Longe vão os tempos universitários em que a liberal-democrata Truss defendia um referendo para abolir a monarquia ou em que fez campanha pela legalização da canábis. Excessos da juventude, poderá alegar aos 47 anos (ainda em 1996 trocou os liberais-democratas pelos tories), mas que dizer da sua mudança de posição sobre o brexit? Em 2016 fez campanha pela permanência na União Europeia, justificando de forma pragmática que a continuidade seria o melhor em termos económicos.
Enquanto secretária de Estado do Comércio Internacional do gabinete de Boris Johnson assinou acordos de comércio com a Austrália, Japão e outros países - não conseguiu o mais importante, com os Estados Unidos - e passou a dizer que estava errada quanto ao brexit. Já como ministra dos Negócios Estrangeiros manteve uma linha dura para com a Rússia, o que a ajudou a pintar o retrato de nova "dama de ferro".

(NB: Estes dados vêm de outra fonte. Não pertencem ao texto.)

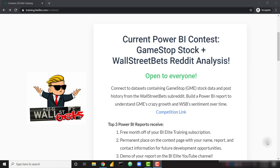What's up everybody, it's Parker with BI Elite. We've just launched contest number four over at train.bielite.com slash contests. This contest is open to everyone, not just BI Elite training subscribers.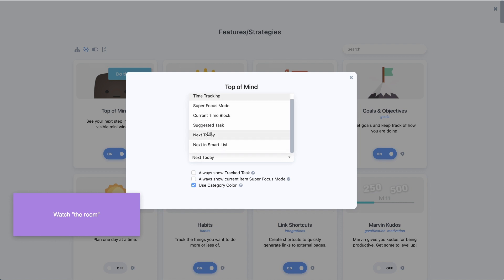There are a bunch of options here, and you can also see some extra settings at the bottom. This can be overwritten by whatever you're tracking at the moment — so if you're using the tracking feature, as soon as you track a task, that task is shown in the window. That can help keep you on task.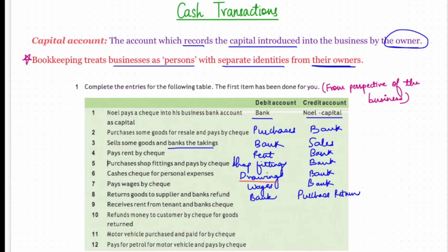Tenth: refunds money to a customer by check for goods returned. The business is returning money to the customer, so money is going out — the bank account will be credited. The customer has returned goods which are coming back into the business, so they will be debited. Note: it will never be debited to the sales account but to the sales returns account.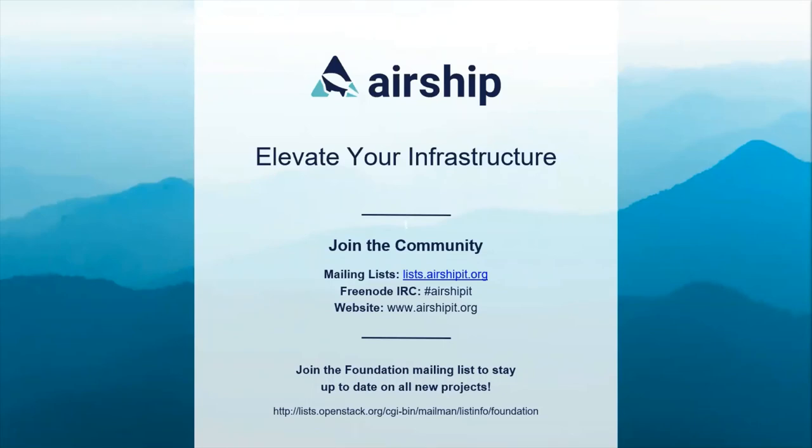So thank you for joining me to talk about Airship security today. Here's some social links for keeping in touch with the Airship community. I'll take your questions now with the remaining time that we have.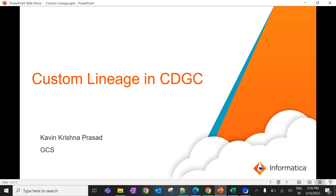Hello everyone. I am Kavin Krishna Prasad from Informatica Global Customer Support. Today we are going to see how to create custom lineage in CDGC.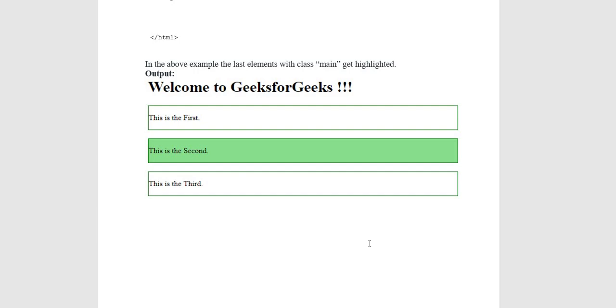the last elements with class CSS got highlighted. Welcome to GeeksforGeeks. Here you can see this is the first, second paragraph which is highlighted. CSS property is used.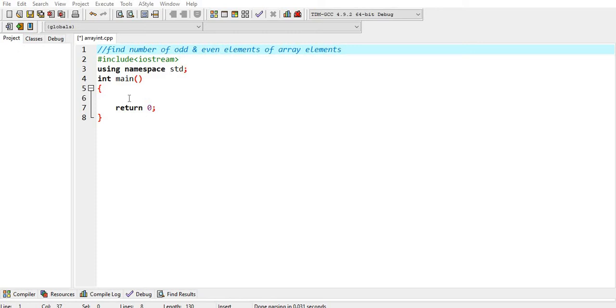In this video, we are going to find the number of odd and even elements in an array. So, let's define it first.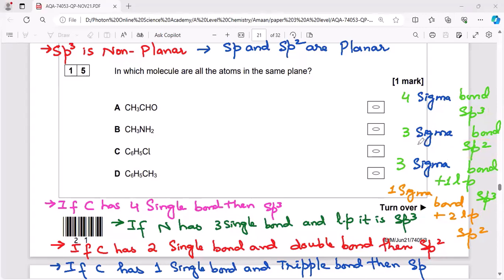If an atom has three sigma bonds, it is sp2 hybridized — a planar atom. If the atom has four sigma bonds, it is sp3 and non-planar. If there are three sigma bonds and one lone pair, this is also sp3, which means non-planar.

Uma comparação que resultou junto do eleitorado conservador, para lá do apelo do corte fiscal. Mas muitos outros britânicos recordam de Thatcher as cicatrizes dos anos de lutas sociais. E a preferência de Truss por um corte nos impostos das empresas e dos mais ricos quando milhões de pessoas não sabem como vão poder pagar as contas da energia nos próximos meses fazem soar os alarmes. A campanha contra o aumento do custo de vida Enough is Enough já marcou uma manifestação nacional para dia 1 contra os planos da nova primeira-ministra. Além das contas de energia, os britânicos enfrentam possível escassez de combustível, inflação de dois dígitos, greves sem paralelo em décadas e recessão iminente.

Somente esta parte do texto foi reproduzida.